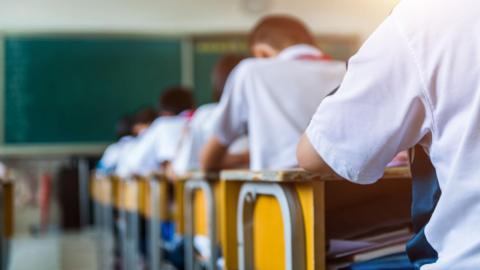 Students inside classroom in China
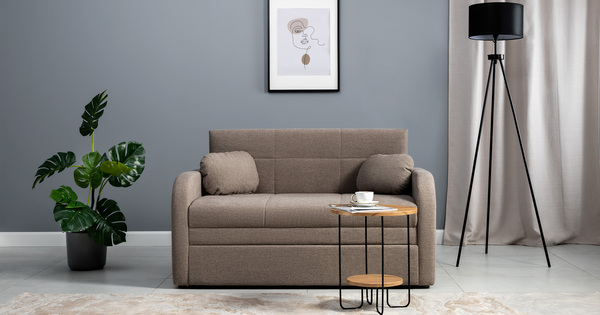 Диван-кровать прямой Тео (120) ТД 906 велюр Danco 290 бежевый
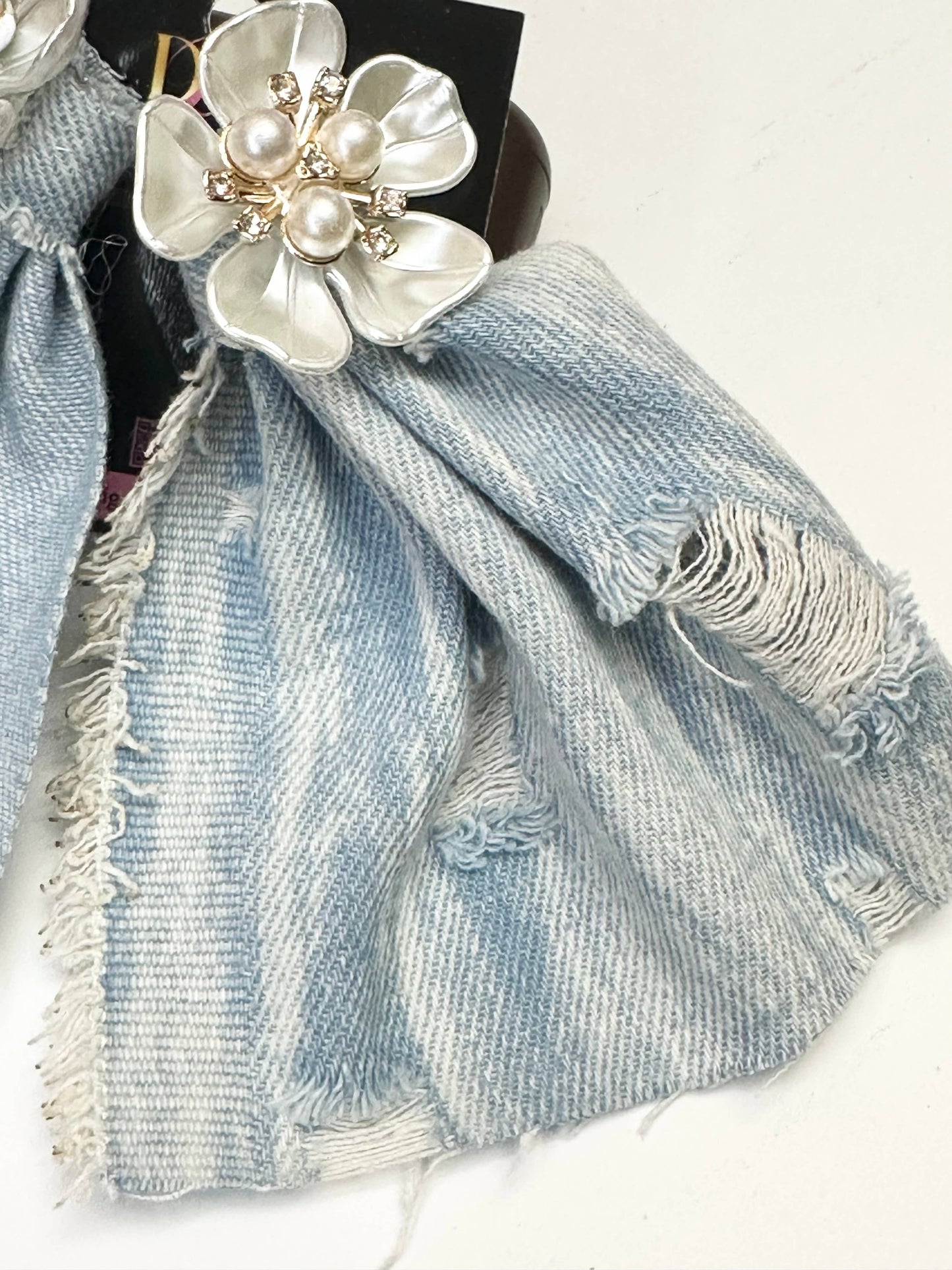 Light Blue Destroyed Denim Earrings with Pearl Flowers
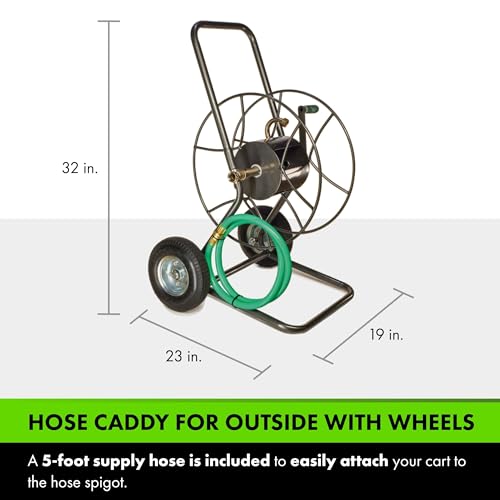 Yard Butler Hose Reel Cart with Wheels Heavy Duty 200 Foot Metal Hose Reel Suitable for Gardens, Lawns and Outdoor - IHT-2EZ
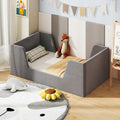 Soft Velvet Fabric Toddler Bed Frame with Safety Rails-Gray - Gray - Toddler Beds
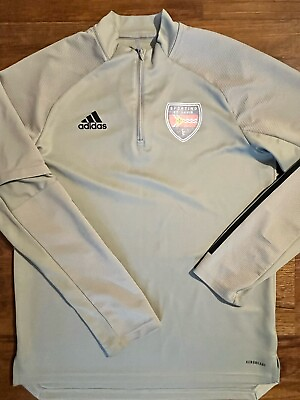 #ad Adidas Aeroready Mens Grey Long Sleeve Soccer Training Shirt 1 4 Zip Medium $19.99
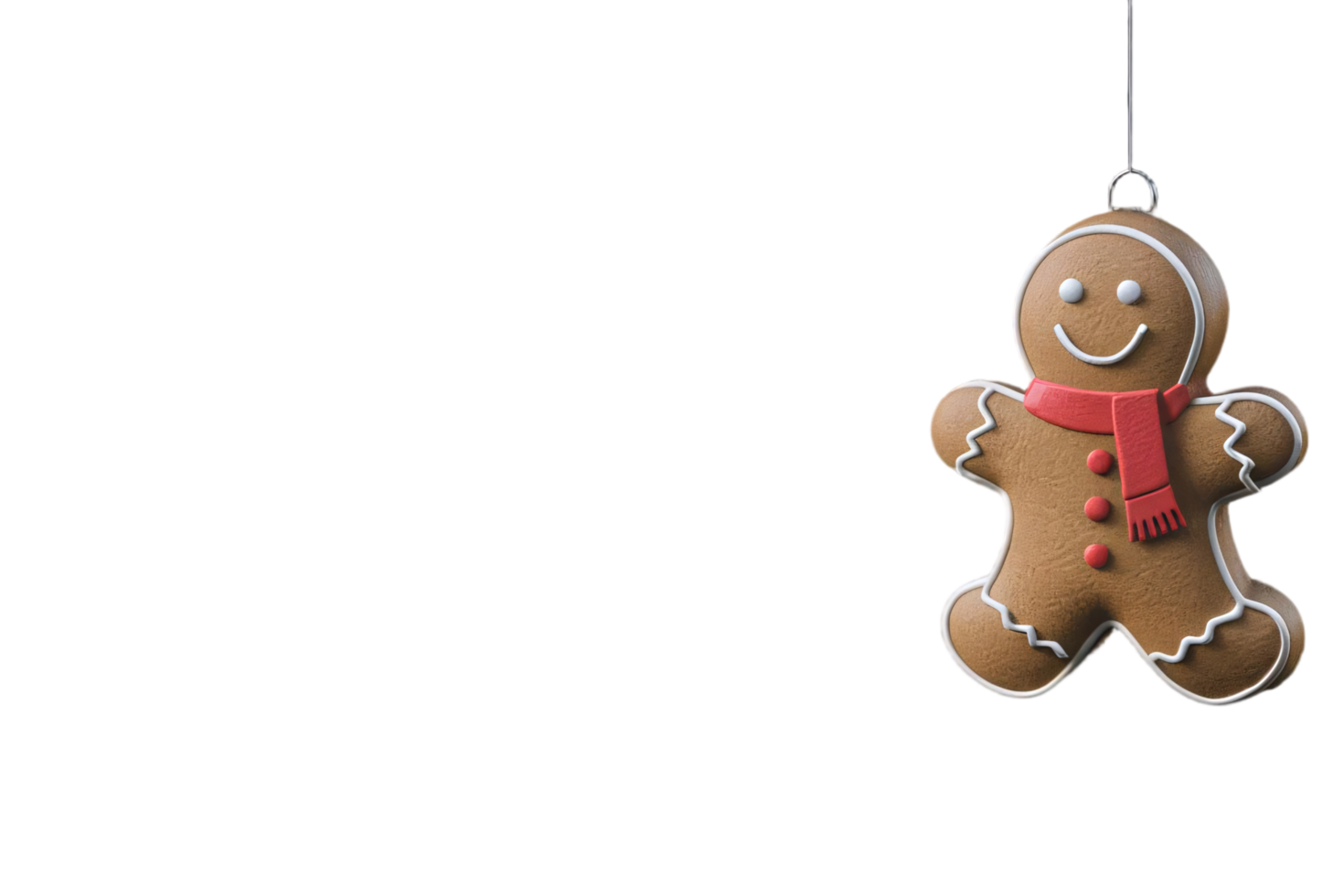A gingerbread man hanging from a string png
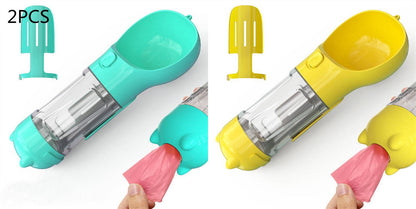 Portable 3-in-1 dog water bottle with travel feeder and waste bag holder, ideal for pet travel and outdoor walks.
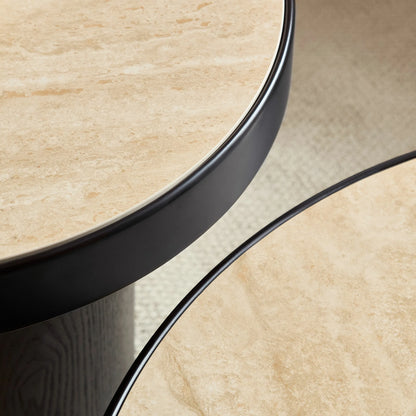 31.50“ Set of 2 MDF Round Coffee Tables with Sintered Stone Top - Black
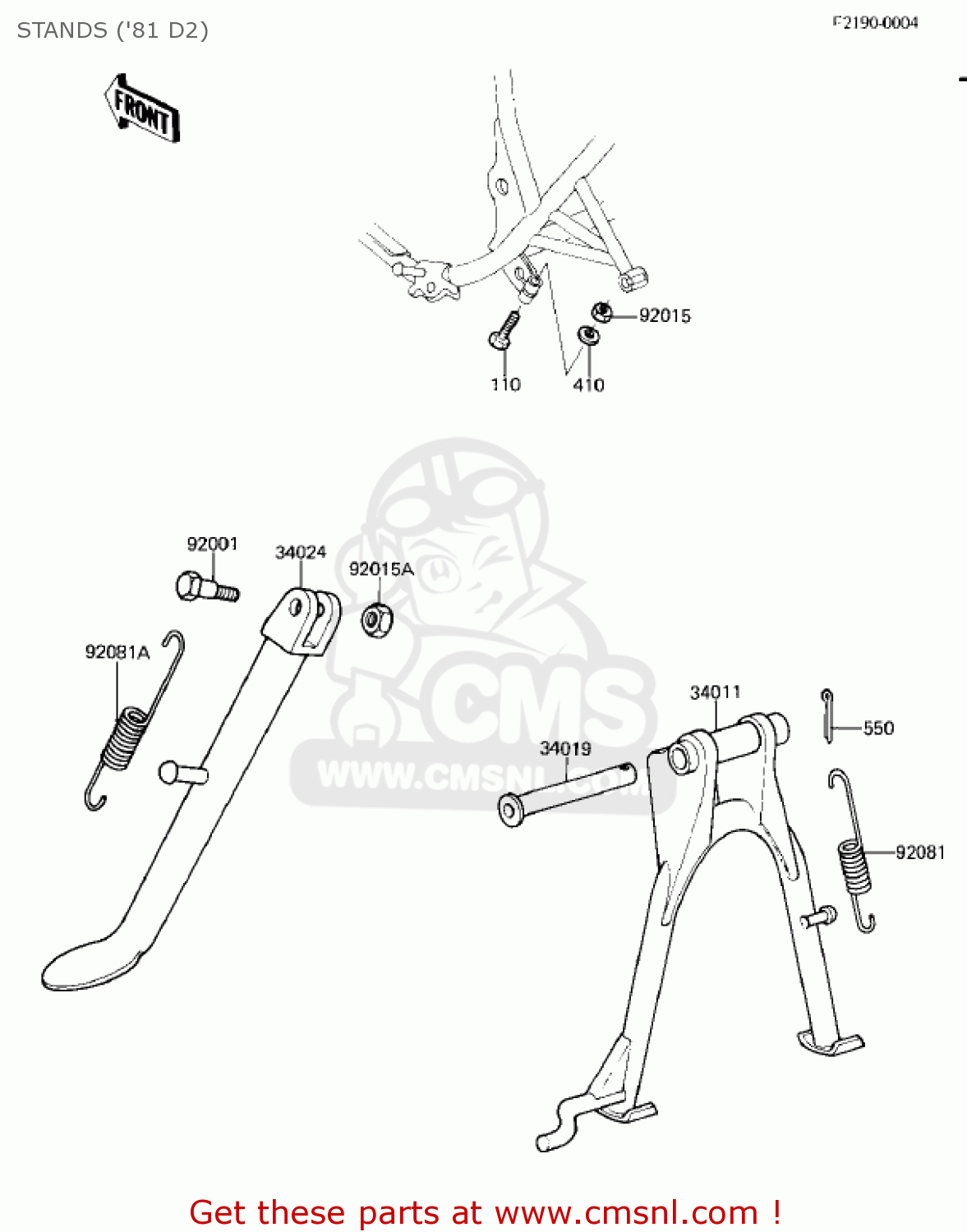STANDS ('81 D2) KZ250D2 CSR 1981 USA CANADA / MPH KPH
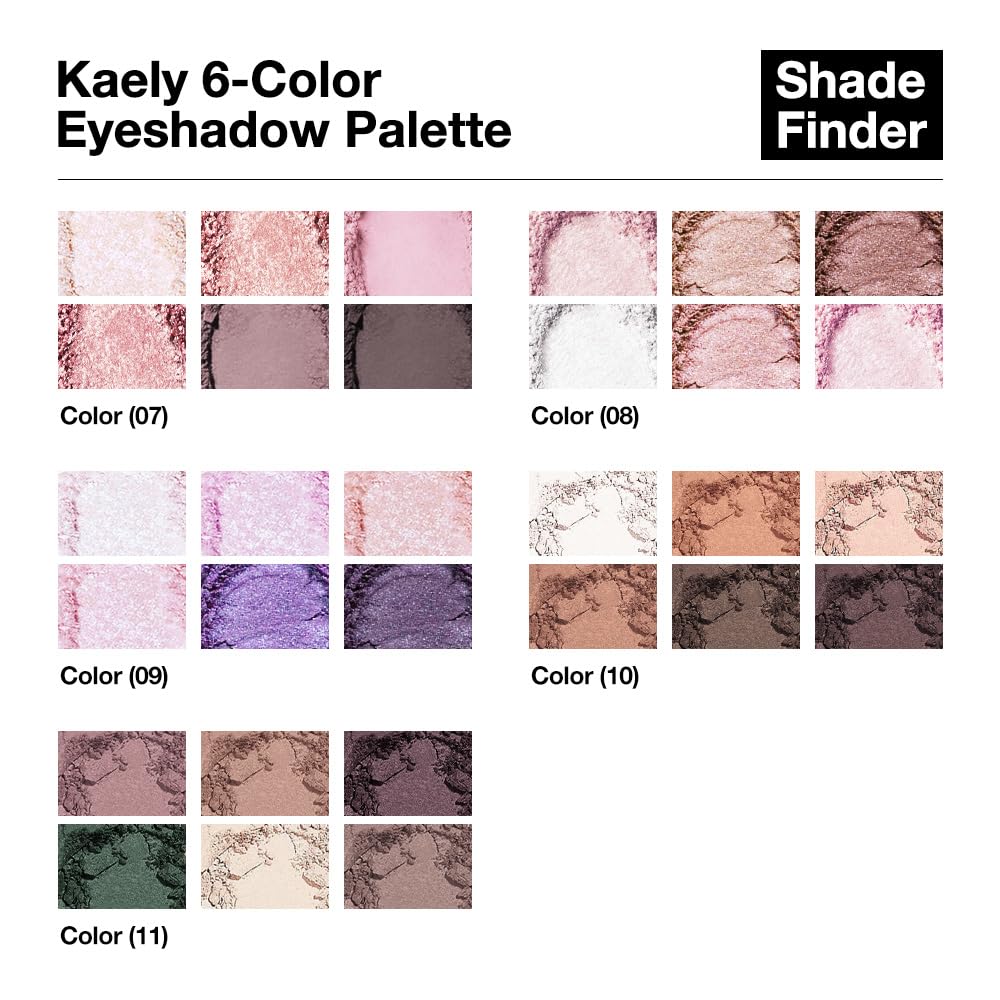 Kaely 6 Colors Mini Neutral Eye Shadow Palette Makeup, Taupe Rosy Brown Smokey Plum Forest Green Nude Beige Cocoa Brown Matte Eyeshadow Palette for Older Women Pigmented Waterproof, Cruelty-free, 11
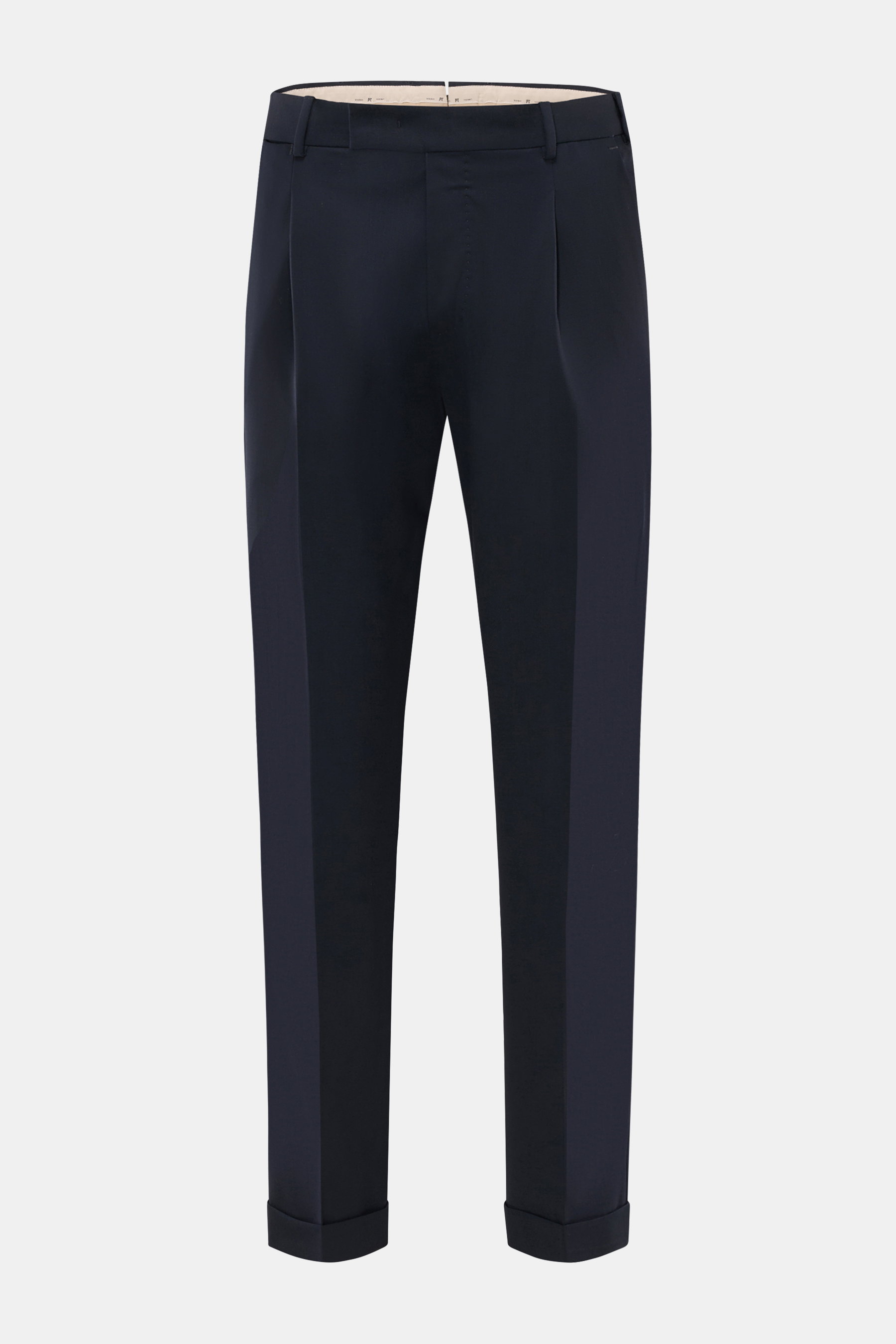Front view of PT Torino Wool trousers 'Rebel Fit' navy, tapered fit, elastic virgin wool, ankle length, French pockets, zipper, waistband hook, back flap pockets, single pleat, fixed hem cuff, small metal initial.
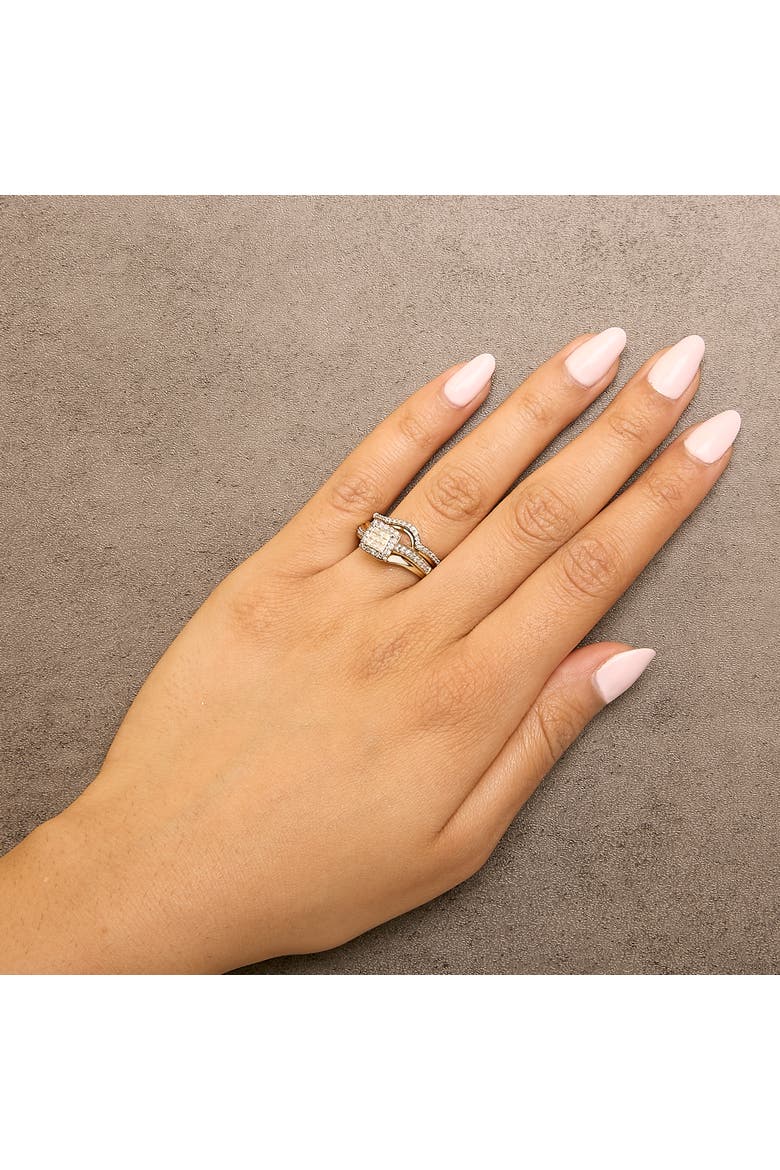 14K Yellow Gold Plated Sterling Silver 1/2 Cttw Princess Square Diamond Bridal Set, Alternate, color, Yellow Gold over Silver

§

» Required action: Given the listing above, retype only the span of lines from the line with "#ad Adidas Aeroready" up to and including the line with "Top - Black", exactly as it stands and without pictures.

» Solution for this task:
 #ad Adidas Aeroready Mens Grey Long Sleeve Soccer Training Shirt 1 4 Zip Medium $19.99
A gingerbread man hanging from a string png
 Portable 3-in-1 dog water bottle with travel feeder and waste bag holder, ideal for pet travel and outdoor walks.
 31.50“ Set of 2 MDF Round Coffee Tables with Sintered Stone Top - Black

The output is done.